Prior to the submission of Special Counsel Robert Mueller’s final report over the weekend, the Democrat-led House had passed a non-binding resolution by a vote of 420-0 that called for the full and rapid release of that comprehensive report on Mueller’s findings.
Democratic Senate Minority Leader Chuck Schumer attempted on Monday to do likewise in the Senate, but his request for unanimous consent to agree with the House resolution was blocked by Republican Senate Majority Leader Mitch McConnell, according to a report from The Hill.
At first glance, it would seem that McConnell played right into the hands of his Democratic colleagues, as his blocking of the resolution drew sharp cries of outrage from the left and accusations that he was attempting to engage in a cover-up of the Mueller report. This conveniently helped the left shift the narrative from the conclusion reached by Mueller that there was no evidence of collusion between the Trump campaign and Russia, as had been claimed ad nauseam for the past two years by prominent Democrats.
But those outraged cries of a cover-up were undermined by McConnell’s logical reasoning for blocking Schumer’s move at this point in time.
“Whether or not you’re a supporter of President Trump … there is no good reason not to make the report public,” Schumer said from the Senate floor. “It’s a simple request for transparency. Nothing more, nothing less.”
However, in keeping with Senate rules that allow any senator to call for a vote, and likewise allow for any senator to block the proposed vote, McConnell registered his objection to Schumer’s request.
The Republican leader offered up the fact that Attorney General William Barr had already made it clear that he was working closely with Mueller, as well as others in the Department of Justice, to determine as quickly as possible what information could be released publicly from the undoubtedly lengthy report, as per the law.
“The special counsel and the Justice Department ought to be allowed to finish their work in a professional manner,” McConnell said in his objection to Schumer’s request.
“To date, the attorney general has followed through on his commitments to Congress, one of which is that he intends to release as much information as possible,” he added.
Of course, Schumer was not too pleased with being blocked by McConnell, and insisted that there was no clause within the resolution that demanded the full report be released “immediately.”
“I’m sort of befuddled by the majority leader’s reasoning in this regard because it is not in the words of this resolution,” Schumer said.
McConnell countered that move by noting that President Trump had already waited two years for the investigation to be concluded, and similarly, Congress could wait a bit longer.
“It’s not unreasonable to give the special counsel and the Justice Department just a little time to complete their review in a professional and responsible manner,” he said.
Schumer knows that there is a standard process for releasing government documents to the public, one that takes time and careful consideration to ensure that no classified or sensitive material is unnecessarily released. His effort to demand the full report be released in rapid fashion was a transparent attempt to circumvent that normal process.

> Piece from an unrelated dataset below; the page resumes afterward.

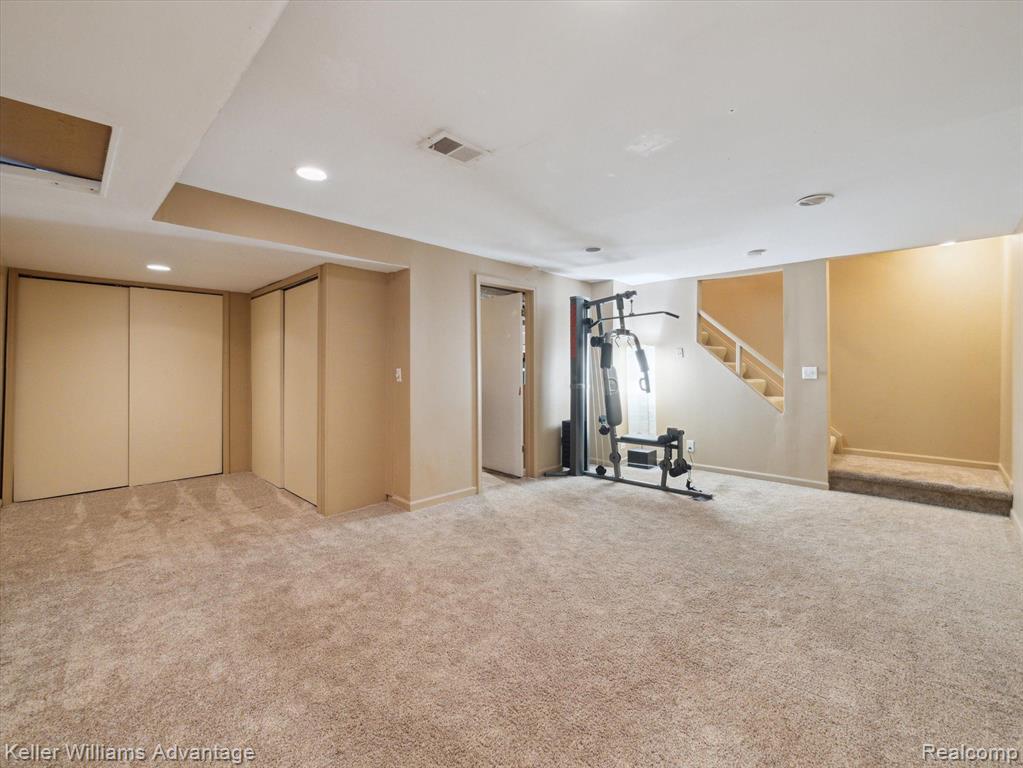 31131 COUNTRY, Farmington Hills, MI 48331 — Photo 32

This was actually Schumer’s second attempt to force a vote on a resolution that would demand the expedited release of the Mueller report, his first attempt having come in the immediate aftermath of the House’s passage of their own unanimous resolution.
That first effort by Schumer, however, failed when Republican South Carolina Sen. Lindsey Graham offered an objection with a request of his own to add an amendment to the resolution.
That proposed amendment from Graham would have called for the appointment of a second special counsel to investigate alleged misconduct by the Department of Justice and FBI in the handling of the 2016 Clinton email investigation, as well as the dubious origins of the Foreign Intelligence Surveillance Act warrant obtained on Trump campaign associate Carter Page, which sparked the entire Russian collusion narrative.
Schumer was not on board with that proposed amendment. He and the rest of the Democrats demanding the rapid release of an unredacted version of the Mueller report will simply have to wait while Barr and the rest of the DOJ proceed with their review in a timely and conscientious manner, as is dictated by the law and standard procedures.